ECLI:NL:CRVB:2022:1336
Centrale Raad van Beroep
- Hoger beroep
- Rechtspraak.nl
Hoger beroep over de berekening van arbeidsongeschiktheid en de status van medische afzakker
In deze zaak gaat het om een hoger beroep van appellante tegen een beslissing van het Uitvoeringsinstituut werknemersverzekeringen (Uwv) over de mate van arbeidsongeschiktheid. Appellante, die als trambestuurder werkte, heeft zich op 1 september 2016 ziek gemeld. Na beëindiging van haar dienstverband heeft het Uwv haar per 1 januari 2018 een uitkering op grond van de Ziektewet toegekend. Bij de aanvraag voor een WIA-uitkering heeft een arts van het Uwv vastgesteld dat appellante belastbaar is, maar niet meer geschikt voor haar laatste functie. Het Uwv heeft haar arbeidsongeschiktheid berekend op 39,62% en haar een loongerelateerde WGA-uitkering toegekend. Appellante heeft bezwaar gemaakt tegen deze beslissing, stellende dat zij als medische afzakker moet worden aangemerkt omdat zij om medische redenen minder uren is gaan werken.
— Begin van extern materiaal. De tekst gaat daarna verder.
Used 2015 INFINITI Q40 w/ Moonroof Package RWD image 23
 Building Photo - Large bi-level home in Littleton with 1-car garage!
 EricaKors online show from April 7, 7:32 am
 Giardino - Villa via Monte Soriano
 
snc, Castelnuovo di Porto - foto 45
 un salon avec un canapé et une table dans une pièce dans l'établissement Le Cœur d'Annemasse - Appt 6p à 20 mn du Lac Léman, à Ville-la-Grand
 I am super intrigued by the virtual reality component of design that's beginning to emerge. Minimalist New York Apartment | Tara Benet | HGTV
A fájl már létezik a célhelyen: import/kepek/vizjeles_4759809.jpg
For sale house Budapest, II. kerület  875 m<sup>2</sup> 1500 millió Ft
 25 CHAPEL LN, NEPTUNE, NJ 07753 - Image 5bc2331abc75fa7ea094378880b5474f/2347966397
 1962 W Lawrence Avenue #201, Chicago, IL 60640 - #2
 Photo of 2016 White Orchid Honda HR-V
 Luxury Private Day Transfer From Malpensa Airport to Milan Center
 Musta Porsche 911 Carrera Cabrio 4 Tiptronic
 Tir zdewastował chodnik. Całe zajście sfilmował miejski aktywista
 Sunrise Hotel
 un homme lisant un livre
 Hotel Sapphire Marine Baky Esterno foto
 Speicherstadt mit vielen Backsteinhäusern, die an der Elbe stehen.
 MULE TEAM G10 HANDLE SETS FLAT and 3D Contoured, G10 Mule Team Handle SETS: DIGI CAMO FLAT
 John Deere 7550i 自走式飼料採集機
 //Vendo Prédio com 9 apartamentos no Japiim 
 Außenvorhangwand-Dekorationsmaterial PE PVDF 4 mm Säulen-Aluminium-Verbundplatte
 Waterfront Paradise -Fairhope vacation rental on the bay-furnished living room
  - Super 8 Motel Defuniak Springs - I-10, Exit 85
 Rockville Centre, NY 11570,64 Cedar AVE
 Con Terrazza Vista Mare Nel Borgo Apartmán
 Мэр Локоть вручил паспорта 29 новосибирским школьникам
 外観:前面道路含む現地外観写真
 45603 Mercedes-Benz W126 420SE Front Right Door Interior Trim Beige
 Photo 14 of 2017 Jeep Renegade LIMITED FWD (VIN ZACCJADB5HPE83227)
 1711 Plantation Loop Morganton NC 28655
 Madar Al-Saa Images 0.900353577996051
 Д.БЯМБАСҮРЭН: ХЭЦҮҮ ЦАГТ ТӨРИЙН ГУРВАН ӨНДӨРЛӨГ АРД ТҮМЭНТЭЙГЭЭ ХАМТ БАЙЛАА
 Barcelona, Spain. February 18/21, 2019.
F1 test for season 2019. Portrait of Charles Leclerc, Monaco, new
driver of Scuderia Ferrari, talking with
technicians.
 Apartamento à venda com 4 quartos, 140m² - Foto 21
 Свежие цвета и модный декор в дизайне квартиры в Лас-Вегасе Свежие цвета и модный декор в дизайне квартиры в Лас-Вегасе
De rechtbank heeft het beroep van appellante ongegrond verklaard, oordelend dat het Uwv terecht de mate van arbeidsongeschiktheid heeft berekend op basis van haar werk als trambestuurder voor 24 uur per week. Appellante heeft geen overtuigende medische gegevens overgelegd die aantonen dat haar urenvermindering objectief medisch noodzakelijk was. In hoger beroep herhaalt appellante haar standpunt, maar de Raad bevestigt de eerdere uitspraak van de rechtbank. De Raad oordeelt dat appellante niet aannemelijk heeft gemaakt dat de urenvermindering medisch noodzakelijk was en dat het Uwv geen nader onderzoek hoefde te doen naar haar status als medische afzakker. De uitspraak van de rechtbank wordt bevestigd.